Despite reporting decreasing vacancy rates for its 1Q 2017 results, DBS Equity Research is cautious on Europe-focused IREIT Global, and has issued a ‘Hold’ rating on the counter in a report on 24 May.
IREIT Global announced on 11 May that it has achieved a DPU of 1.44 Singapore cents for its 1Q 2017, a decline of 8.9% compared to the 1.58 cents achieved in the corresponding period of 2016.
Gross revenue for the period also fell slightly by 0.4% to EUR8.7 million (SGD9.46 million) although net property income (NPI) increased by 3.5% to EUR7.8 million.
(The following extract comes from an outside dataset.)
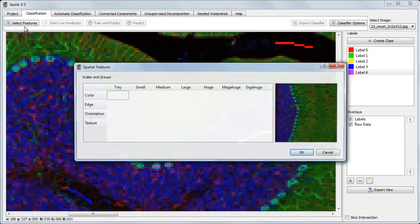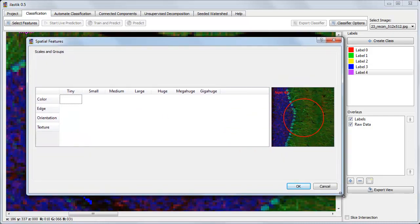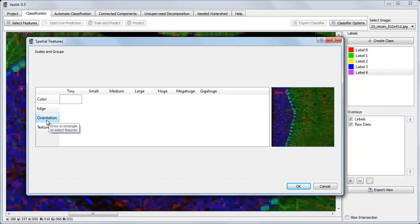So we can click on the Select Features box, and choose features from four different groups in a variety of sizes. In the upcoming videos, I'll discuss what each of these feature groups means. For now, let's focus on the size of the features.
But the REIT expressed optimism in its statement on the results for the quarter then, citing sustained economic growth in Europe, attractive yield spreads, and better aggregate occupancy across its portfolio.
IREIT Global has also reiterated its plans to diversify by asset class, geography, tenant, and lease expiry - a move that will improve long term recurring income and earnings visibility, the REIT said then.
However despite its stellar stable of tenants that include Allianz, Deutsche Telekom, and ST Microelectronics, and an attractive indicative yield of 7.5%, DBS highlighted a number of factors that are likely to stifle the REIT’s performance in the near term.